Non. La holding reste un outil central d’organisation, de transmission et de financement. La réforme vise surtout à encadrer certains montages patrimoniaux et les actifs de jouissance détenus dans ces structures.

Qui est concerné par la taxe sur les actifs somptuaires ?

Les sociétés soumises à l’IS ou à un impôt équivalent dont les actifs dépassent 5 millions d’euros, contrôlées par une personne physique et percevant majoritairement des revenus passifs.

Quel est le taux de la taxe sur les holdings en 2026 ?

Le taux est de 20 % sur la valeur vénale des actifs taxables.

Quels actifs sont visés par la nouvelle taxe holding ?

Les actifs visés sont principalement les biens de jouissance ou de prestige non affectés à une activité opérationnelle : certains immeubles de jouissance, véhicules de tourisme, yachts, bijoux, métaux précieux, vins et alcools, notamment.

Les dividendes provenant de filiales opérationnelles sont-ils des revenus passifs ?

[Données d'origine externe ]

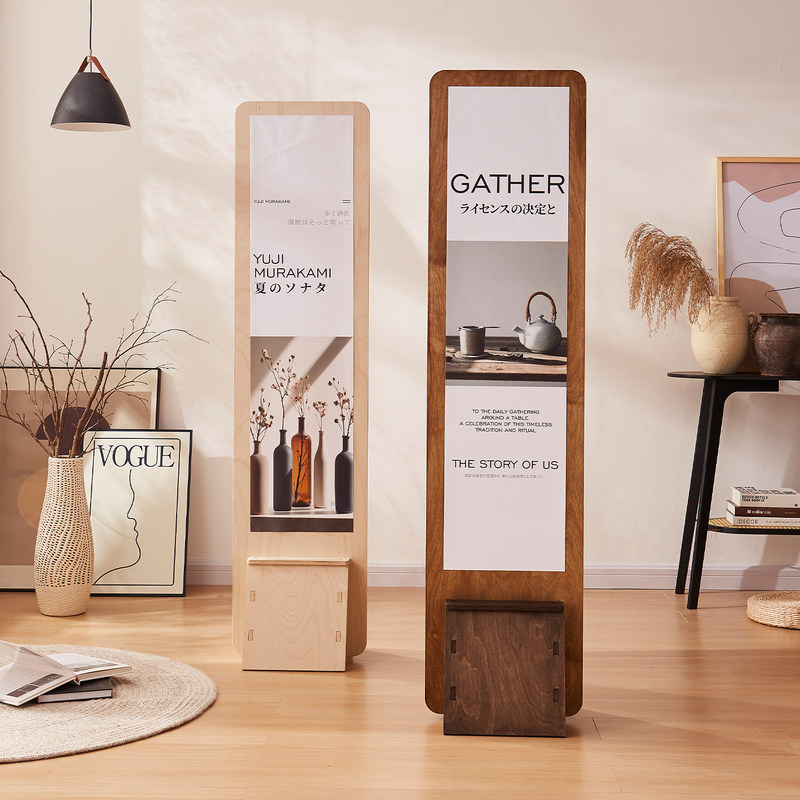 Ole Private European-Style Floor-Standing Display Stand, Portable Wooden X-Display Stand Suitable for Exhibitions and Promotional Events
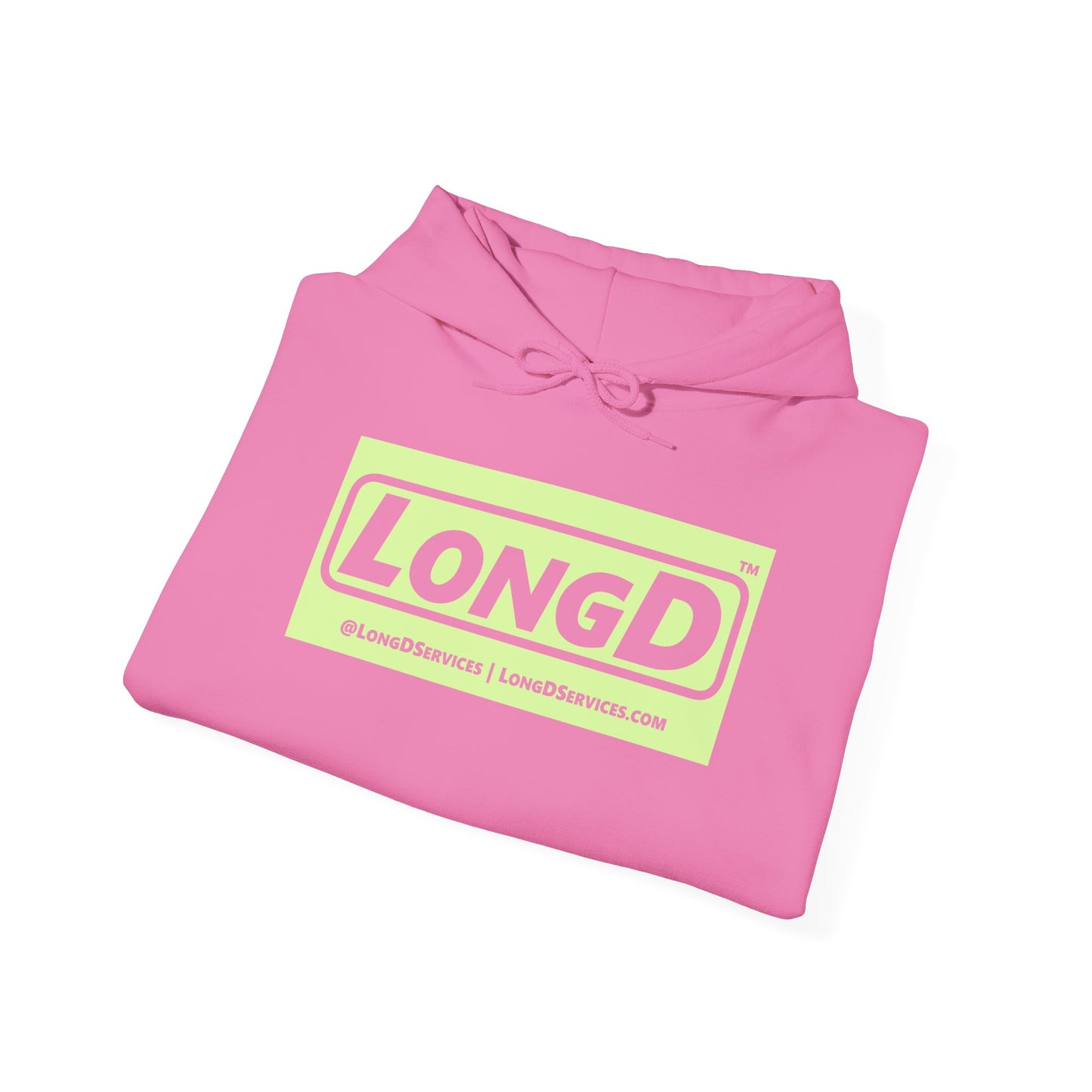 LongD® Logo Hoodie pastel negative green text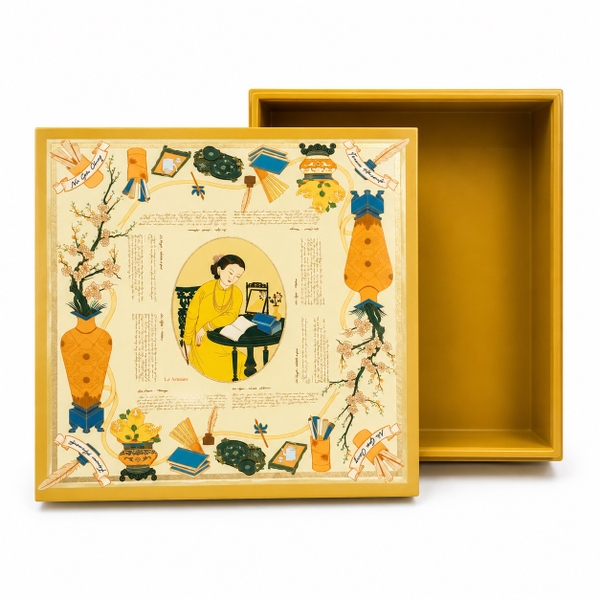 LA'ARTISAN - 'Sương Nguyệt Anh' Gold Plated Lacquer Box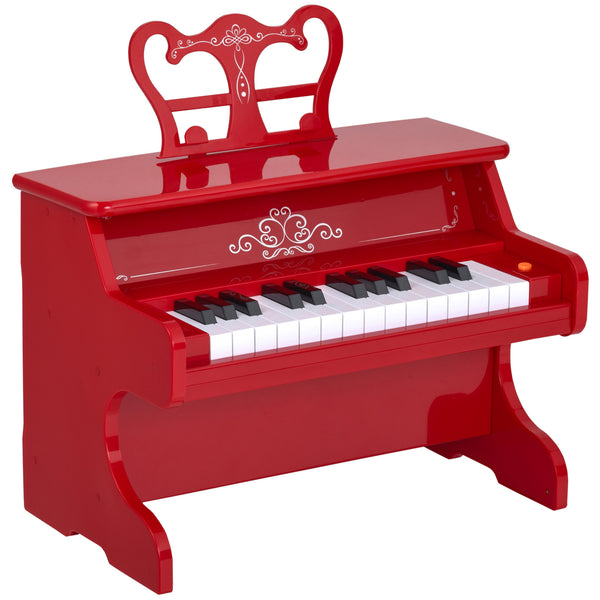 acquista Mini Piano Jouet pour Enfants 25 Touches en ABS Rouge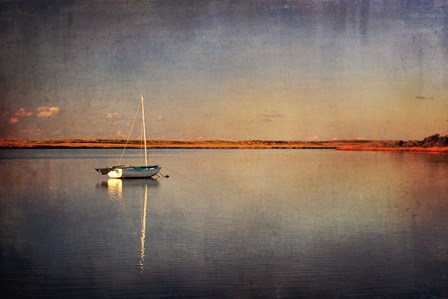 Last Boat in the Bay by Katherine Gendreau art print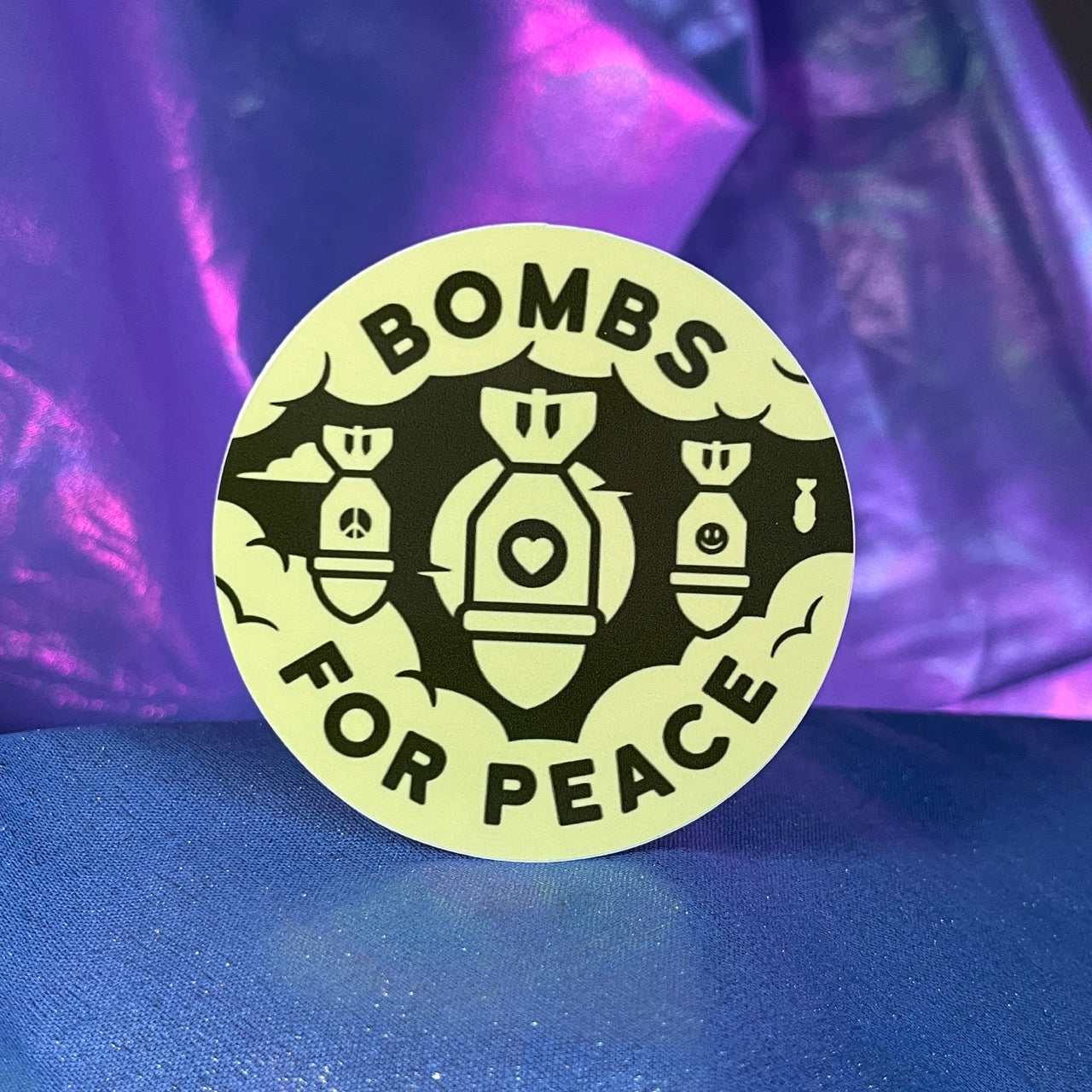 Bombs For Peace Sticker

Oui. Le texte inclut expressément les dividendes dans les revenus passifs retenus pour apprécier le champ du dispositif.

Peut-on déduire les dettes pour calculer la taxe ?

Le dispositif est très encadré sur ce point et la logique générale est restrictive. Les analyses publiées après promulgation soulignent que les dettes ne sont pas librement déductibles, en particulier lorsqu’elles relèvent de logiques intragroupe ou familiales.

La taxe sur les holdings est-elle déductible de l’impôt sur les sociétés ?

Non, elle n’est pas déductible du résultat imposable à l’IS. Cette lecture ressort des commentaires spécialisés sur la réforme et de la logique du dispositif.

Le régime de l’apport-cession est-il encore intéressant en 2026 ?

Oui, mais il est devenu plus contraignant. Il nécessite désormais un réinvestissement plus important, dans un délai plus long, avec une conservation du remploi beaucoup plus exigeante.